J. Scott Applewhite/AP Photo
Speaker of the House Nancy Pelosi (D-CA) speaks at a news conference with the Democratic Women’s Conference about the care economy, on Capitol Hill in Washington, July 1, 2021.
Cross-posted at The Intercept and The Daily Poster. Additional reporting from Austin Ahlman, Walker Bragman, David Dayen, Ryan Grim, David Sirota, and Joel Warner. This story has been updated.
As the House of Representatives begins debating Democrats’ landmark budget reconciliation package, 29 Democratic lawmakers have publicly committed to keeping the legislation tied to the bipartisan infrastructure bill, according to an unofficial whip count conducted by The Daily Poster, The Intercept, and The American Prospect.
The whip count of legislators’ statements on the issue can be viewed here—and this document will be updated to reflect the changing positions of lawmakers.
If there are not enough progressive Democrats willing to oppose an anticipated late-September vote on the bipartisan infrastructure bill and keep the two bills together, then business-aligned Democratic lawmakers could be empowered to pass the infrastructure bill and kill the much larger reconciliation bill that corporate lobbyists are frantically trying to stop.
The progressive strategy, which has been endorsed by House Speaker Nancy Pelosi and President Joe Biden, has been to pair the bipartisan infrastructure bill with the larger reconciliation package—either both pass or neither does. In August, a group led by Rep. Josh Gottheimer (D-NJ) backed by the dark-money group No Labels successfully split the two packages apart by winning a promise of a vote on the bipartisan bill on September 27. In order to keep the two together, progressives must either complete work on their larger bill by that date, or defeat or stall the bipartisan bill on September 27. Gottheimer was offered a vote, not passage, after all.
The math is straightforward: Democrats have a four-seat majority, so adding 12 Republicans gives a cushion of 16 votes.
Backers of the bipartisan bill say they expect Republican support to be in the low double digits—Rep. Henry Cuellar (D-TX) pegged it at 10 to 12 in August, though that number may have fallen as Minority Leader Kevin McCarthy and former President Trump have been discouraging Republicans from giving Democrats a win.

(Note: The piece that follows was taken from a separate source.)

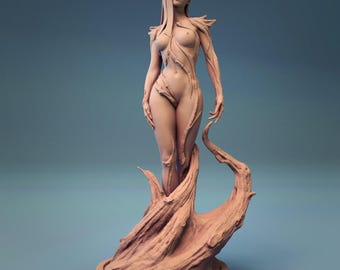 Dryad Miniature | Tabletop RPG Miniature | Rescale Miniature | Roleplaying 3D Printed Fantasy Mini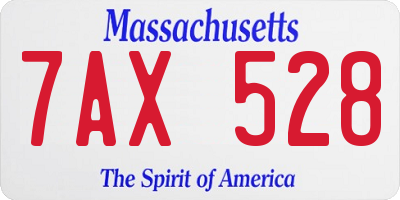MA license plate 7AX528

The math is straightforward: Democrats have a four-seat majority, so adding 12 Republicans gives a cushion of 16 votes—meaning progressives have just enough committed no votes for a razor-thin margin. Dozens of Democrats did not immediately respond to our request for comment, so the figure of 29 may undershoot the count, and this article will be updated as new responses come in. The Congressional Progressive Caucus (CPC) has previously said that it has the private commitments of a majority of its 95 members for the two-track strategy.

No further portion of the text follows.